こんにちは、グラフィックデザイナーのピースマイルです。


今回取り上げる映画はプライベート・ライアンです。


終戦の日の前後にはついつい戦争にまつわる映画を観ることが多いのですが、今年はプライベート・ライアンを観ました。


あらかじめ断っておくと、僕は別にアメリカの正義の戦争イエーイ!!」みたいなノリでこの作品を好きなわけではありません。


この作品に対し「アメリカの戦争賛歌だ!」と怒る人がいるのも分かるし、それを否定するつもりは別にありません。


右と左で見え方が違ってくる映画だとは思うし、そのような視点から映画を楽しむのは人それぞれです。


僕がこの映画を良い映画であると思うのは「戦争で死ぬのは嫌だな」と実感するからです。

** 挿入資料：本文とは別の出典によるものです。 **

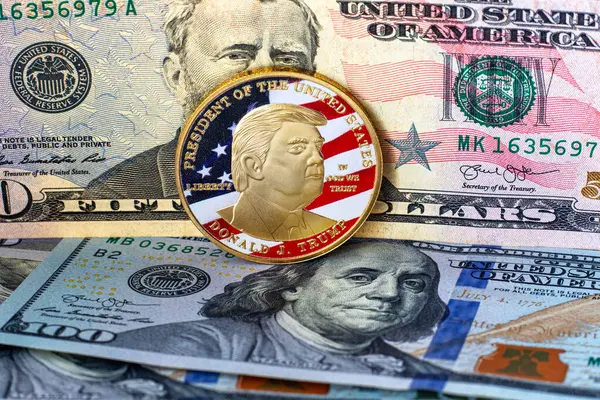 Amerika Birleşik Devletleri 'nin 100 dolarlık banknotunun üzerinde Donald Trump' ın portresi olan sikke. Amerika 'yı Yeniden Harika Yapalım.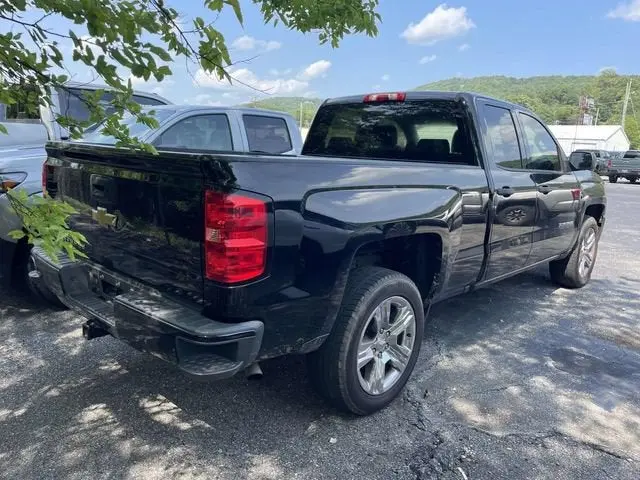 2018 Chevrolet Silverado 1500 Custom Double Cab Std Box photo 3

有名な話ですが、この映画の冒頭のノルマンディー上陸作戦のシーンは映画史に大きな影響を与えました。


もはやプライベートライアン以前と以後」で戦争映画の歴史そのものが変わったと言えます。


1998年というまだ20年しかたっていない映画ですが、すでに戦争映画としてはクラシックとも言える影響力を持った一作です。


あまりにもリアリティーのある表現を観て、かつてノルマンディーで戦った兵士の方でさえ驚いたというエピソードも残っています。

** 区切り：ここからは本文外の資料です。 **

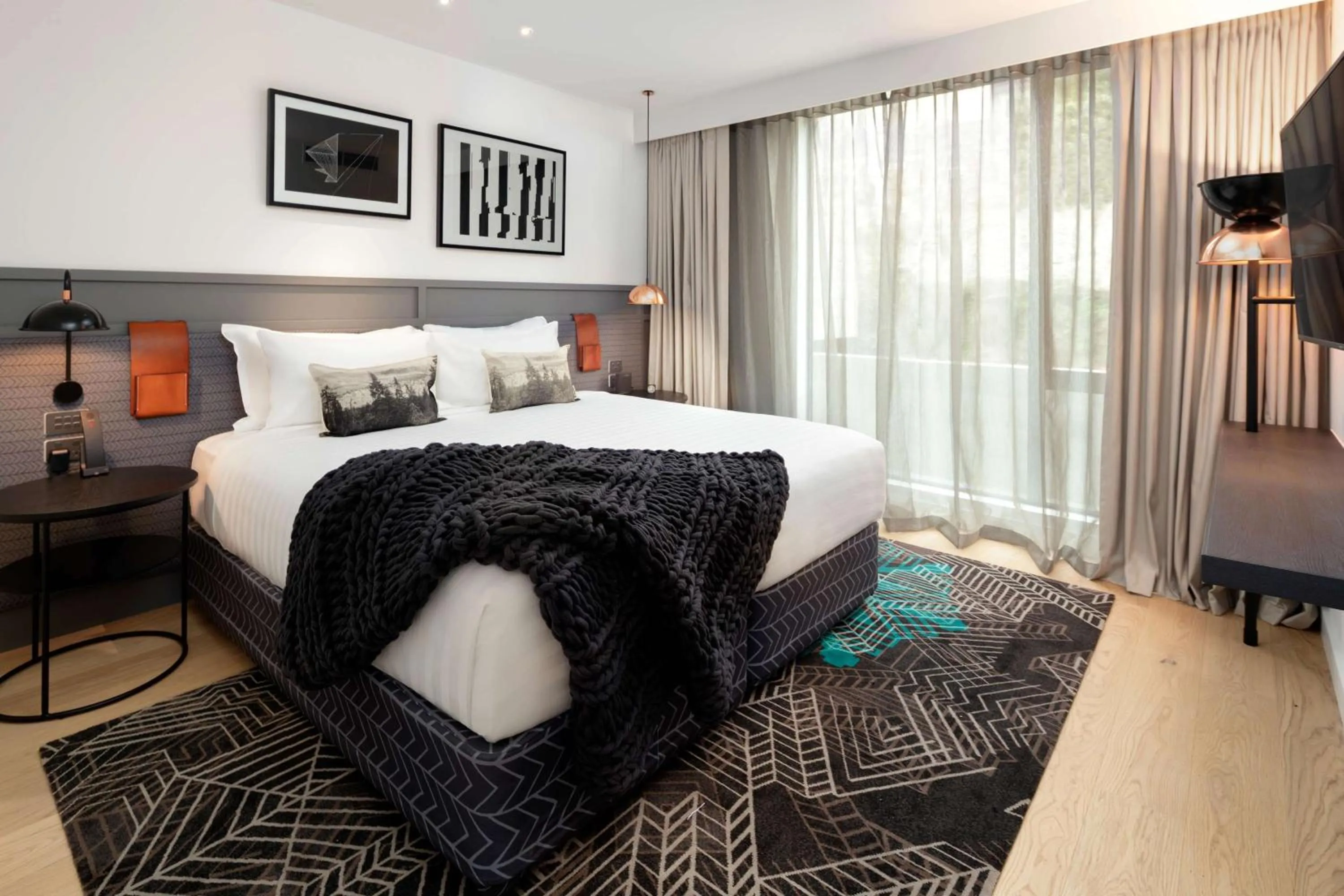 Bedroom, Bed in QT Queenstown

それくらい「ああ、人が目の前でバタバタと死んでいく」と実感するほどの映像的説得力がありました。


だから僕はこの映画を観ます。


右だろうと左だろうと、戦争という形で命を落とす事態になるのは防ぐべきだと思うから。


少なくとも僕はこの映画を「反戦映画」でなくとも「戦争には行きたくないよな、やっぱり映画」として鑑賞しています。

 

映画のあらすじ


有名な映画なのであらすじは少しだけ。


冒頭の《史上最大の作戦》ノルマンディー上陸作戦によって敵地に乗り込んだミラー(トム・ハンクス)は、兄弟すべて失ったというライアン二等兵マット・デイモン)をアメリカ本国に移送するため、部隊を率いてライアンを探しに行くことになる。

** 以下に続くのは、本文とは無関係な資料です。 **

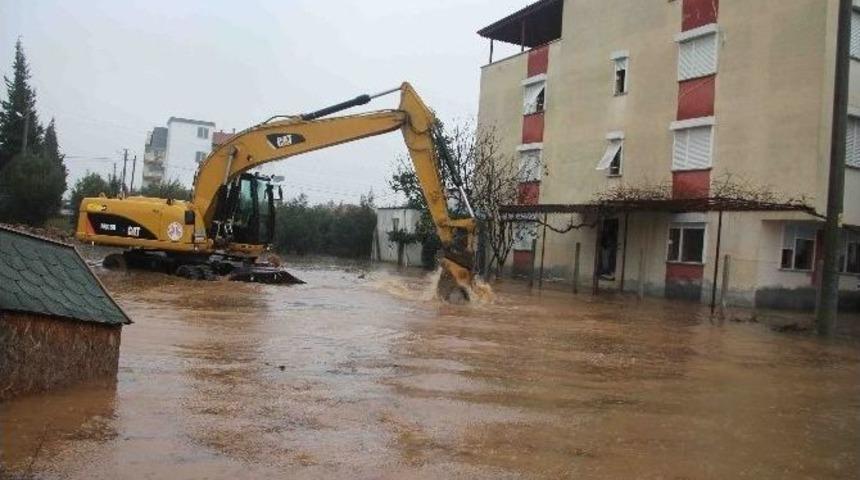 Rekor Yağış Alt Yapı Sorununu G&uuml;ndeme Getirdi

たった一人の兵隊を救出するために8人もの兵士が行動することに反発するメンバーもいるなか、果たしてライアンを無事に救うことは出来るのかーーー


みたいな感じです。


第二次大戦という人類史上最も大きな戦争にあって、極めてミニマムな話を映画化してあるので3時間近い映画ながら非常にスッキリしています。

 

映画の感想


まず何をおいても冒頭のノルマンディー上陸作戦こそがこの映画のハイライトでしょう。


イヤな見方をすると、とにかくスピルバーグうまいなぁ!!!」と感心するばかりで。


早撮りで有名なスピルバーグですが、このシーンは神がかっていてどうしてここまでの映像が撮れたのか分からないレベルなんですよね。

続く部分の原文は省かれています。